Moreover, the rules and disciplines on domestic support were formulated more in consideration of the policies of developed countries, and resulted in major imbalances in obligations and commitments between developed and developing countries. The present agreement allows developing countries, which had applied little or had no trade distorting subsidies a 10 per cent ceiling on the level of this type of support that can be provided. The developed countries, on the other hand, were not subject to an upper limit, but were expected to bring down trade distorting subsidies by 24per cent over six years. Thus, the obvious advantage that the heavily subsidizing developed countries have is evident and gross. Developed countries can retain 76 per cent of their massive levels of trade-distorting domestic support, while developing countries are allowed to provide the same subsidies at no more than 10 per cent of the value of production.
Thus, ASEAN deems it imperative that the next reform programme remedy this state of imbalance, by taking on board the following core elements:
(i)Developed countries must commit to a minimum substantial down-payment in the reduction of aggregate and specific support from a determined base period, in absolute terms. The depth of commitment must render any tendency to apply export subsidies as well as related export competition measures to resolve the perennial problem of over production to unbridled subsidization, academic. The rest of the trade distorting support must be subject to reduction commitments leading to elimination at the soonest reasonable time;
(ii)The Blue Box category of support measures or domestic support under production limiting programmes must be subjected to similarly substantial reduction commitments leading to elimination;
(iii)Even in the event that agreement is reached to eliminate export subsidies or trade-distorting support measures, the fact remains that any residual domestic support applied to exported products is no different from domestic support. In addition, even seemingly harmless domestic support measures will have distortive effects on agricultural trade. Thus, developed countries should no longer be allowed to have the additional flexibility to apply de minimis support.

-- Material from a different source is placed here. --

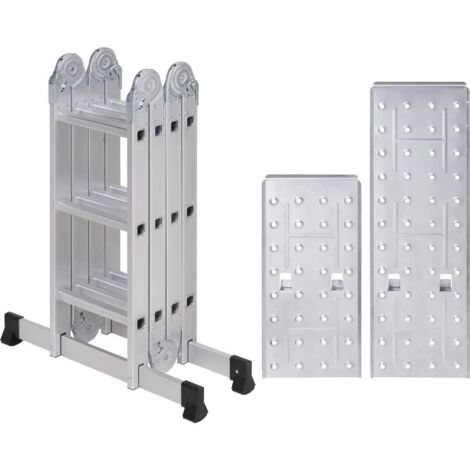 TOOLCRAFT TO-10104645 aluminium Echelle polyvalente pliable argent 15.7 kg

(iv)If future cuts on trade distorting support are to be effective, it is important to ensure that these types of policies cannot simply be shifted to categories of support that are exempt from reduction commitments. Therefore, the criteria for Green Box measures or Annex 2 of the Agreement must be re-examined to ensure that they have at least minimal or more preferably, no trade distorting effects. This re-examination of the Green Box is necessary given the fact that no objective analyses was made on what is "minimally trade distorting" and that the Green Box measures were only based on what negotiators deemed to be less trade-distorting than those in the Blue Box.
(v)Theoretically, and upon deeper reflection, no specific agriculture policy is fully decoupled from production and therefore without consequences to trade. Decoupled support affect production through effects on factors, such as income, expectations and risk. Thus, while there may be no incentive to increase production at the margin, there still exists production effects in so far as more resources are retained in the farming sector than would otherwise be the case. At much higher support levels, the production and trade effects of even decoupled measures could become significant. In this light, the negotiations should set a cap on the overall levels of support by developed countries.
Finally, ASEAN is of the position that separate consideration must be accorded to developing countries, to which domestic support measures remain a fundamental and indispensable tool in pursuing their developmental and food security objectives. ASEAN reserves the right to submit its views on the issue of special and differential treatment.